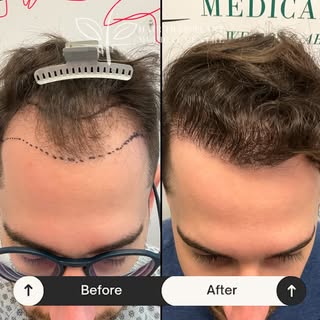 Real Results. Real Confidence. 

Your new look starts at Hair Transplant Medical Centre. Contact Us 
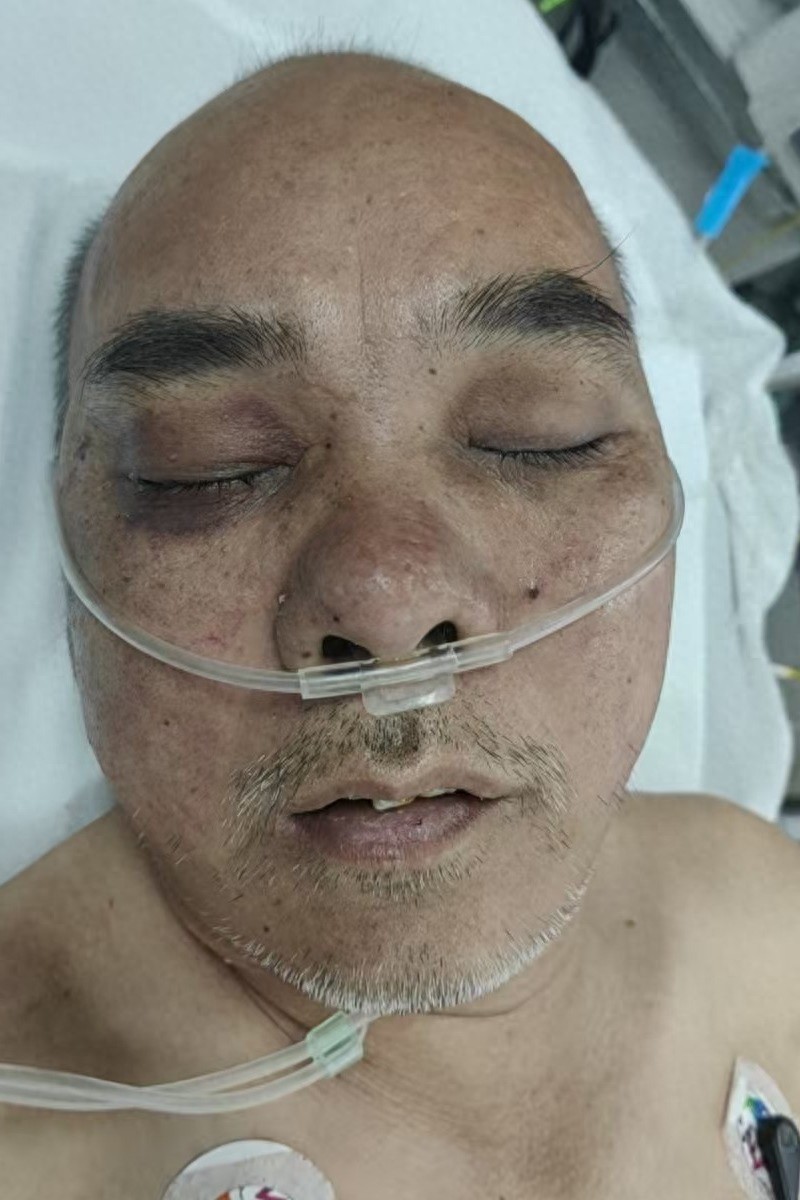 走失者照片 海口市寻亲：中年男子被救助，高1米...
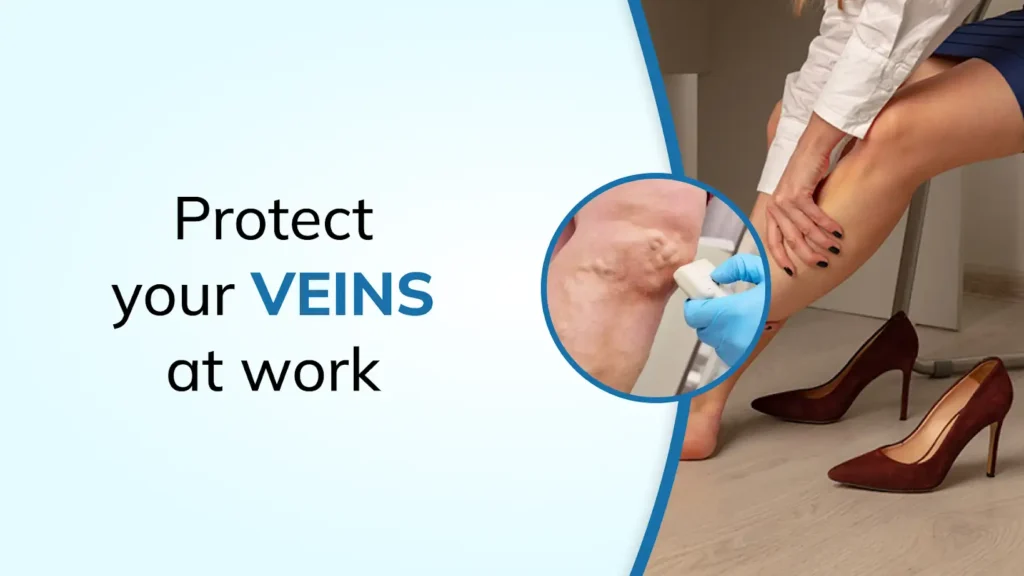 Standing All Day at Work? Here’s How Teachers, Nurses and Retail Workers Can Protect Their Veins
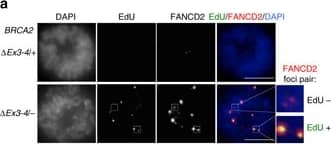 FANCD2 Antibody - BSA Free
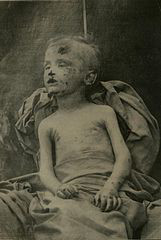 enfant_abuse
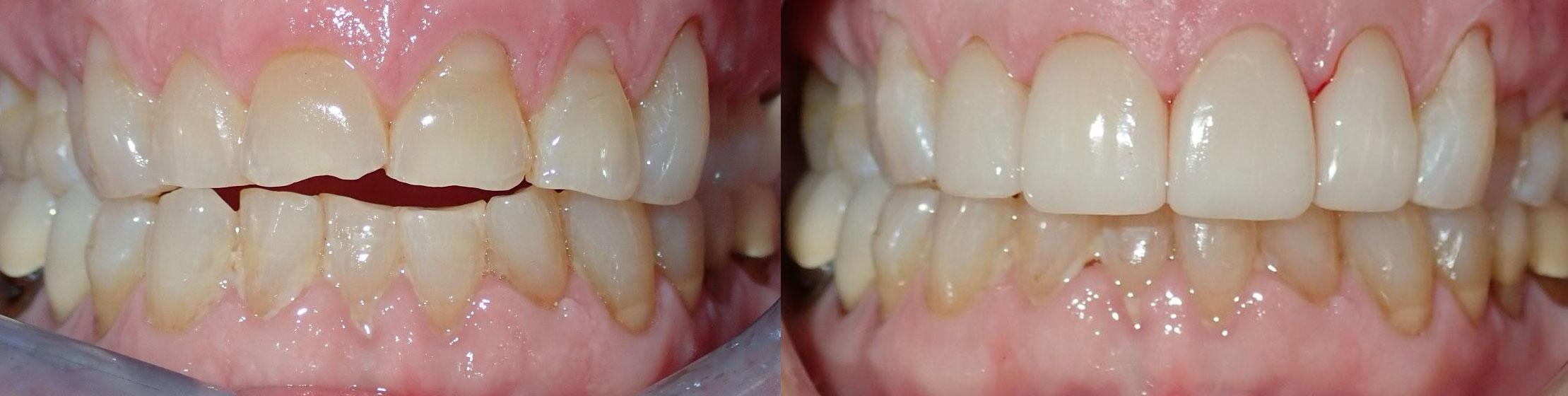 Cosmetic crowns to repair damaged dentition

==

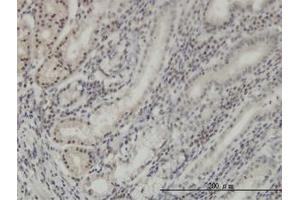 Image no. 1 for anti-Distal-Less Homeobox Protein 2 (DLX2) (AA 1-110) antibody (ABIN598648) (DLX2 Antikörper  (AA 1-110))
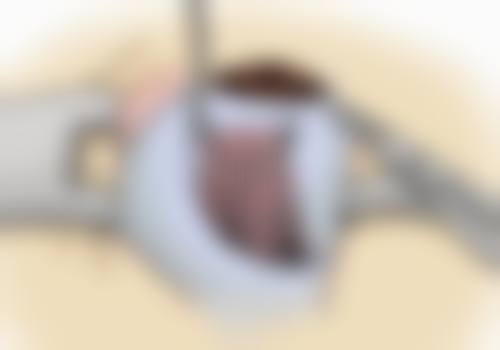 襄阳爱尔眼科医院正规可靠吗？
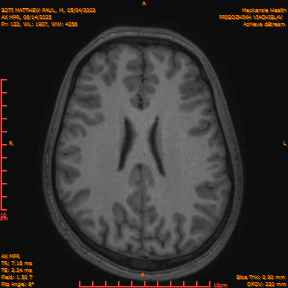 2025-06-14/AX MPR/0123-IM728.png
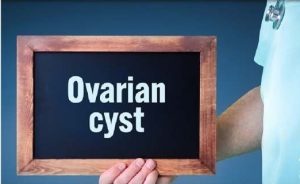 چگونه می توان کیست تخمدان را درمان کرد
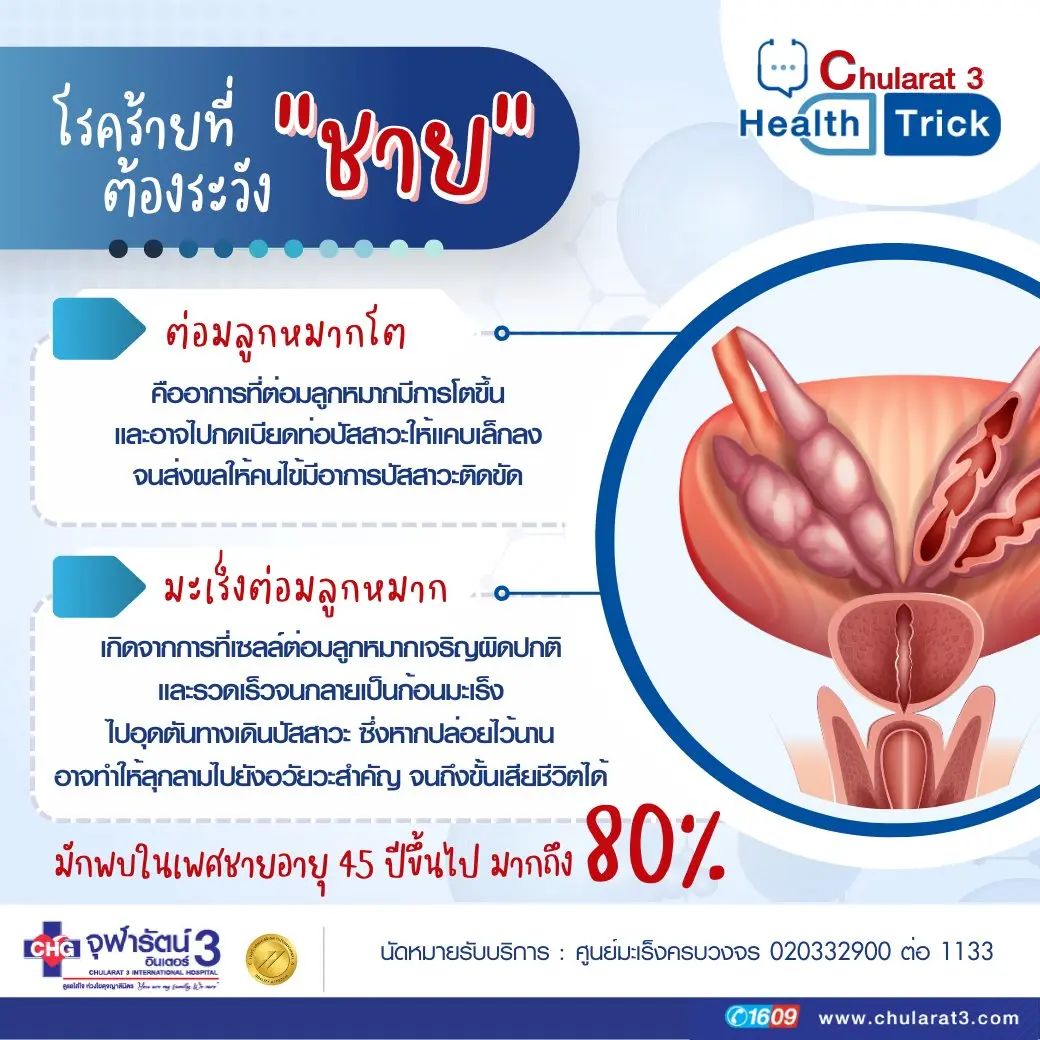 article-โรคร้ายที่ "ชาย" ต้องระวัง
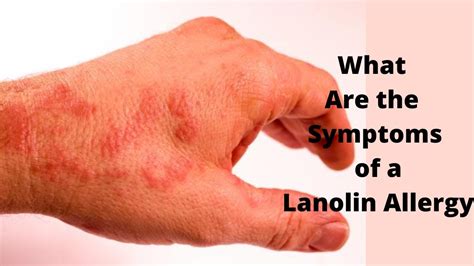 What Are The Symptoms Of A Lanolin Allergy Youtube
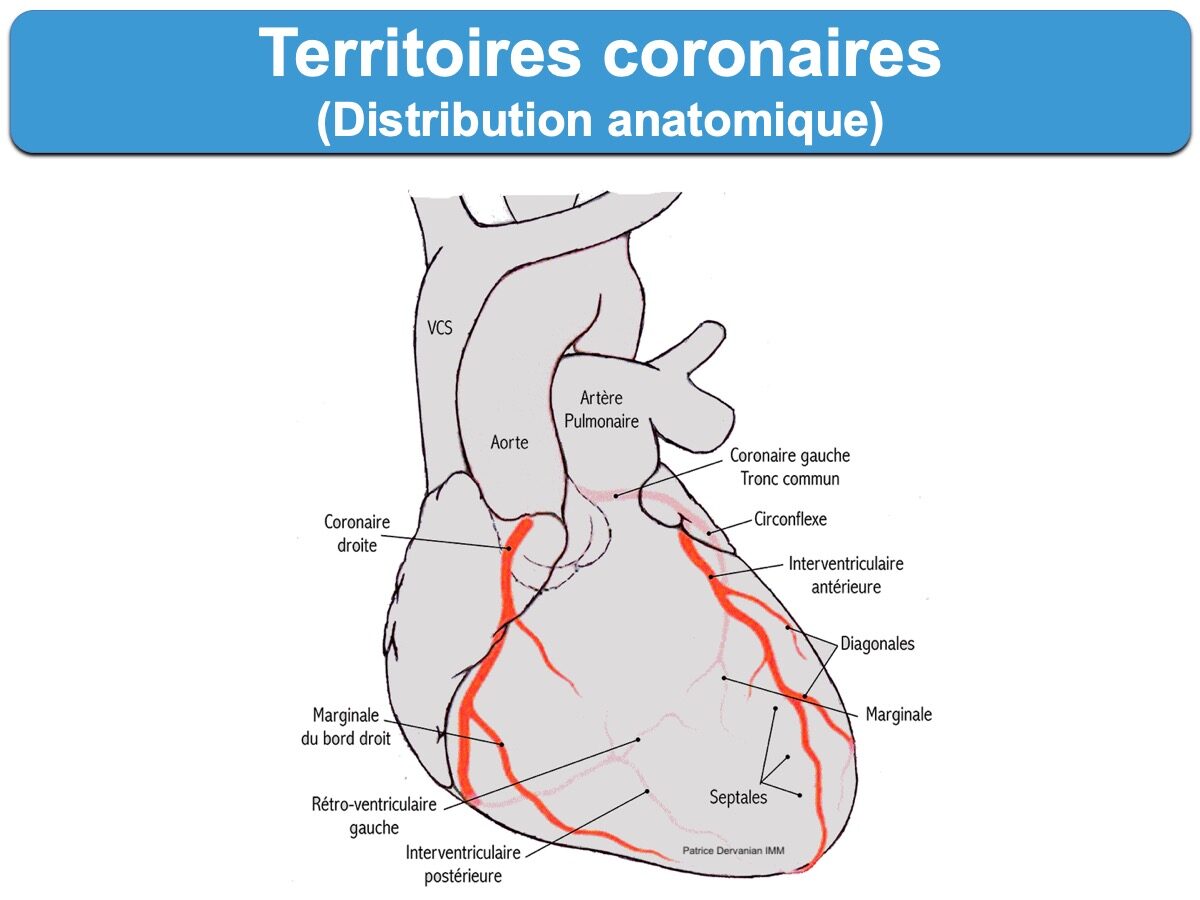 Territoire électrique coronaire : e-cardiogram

## Task to carry out
Within the listing above, the lines starting at the one containing "Your new look" and ending at the one containing "Cosmetic crowns to repair damaged dentition" are to be returned exactly. Omit the pictures.

## Written answer
Your new look starts at Hair Transplant Medical Centre. Contact Us 
 走失者照片 海口市寻亲：中年男子被救助，高1米...
 Standing All Day at Work? Here’s How Teachers, Nurses and Retail Workers Can Protect Their Veins
 FANCD2 Antibody - BSA Free
 enfant_abuse
 Cosmetic crowns to repair damaged dentition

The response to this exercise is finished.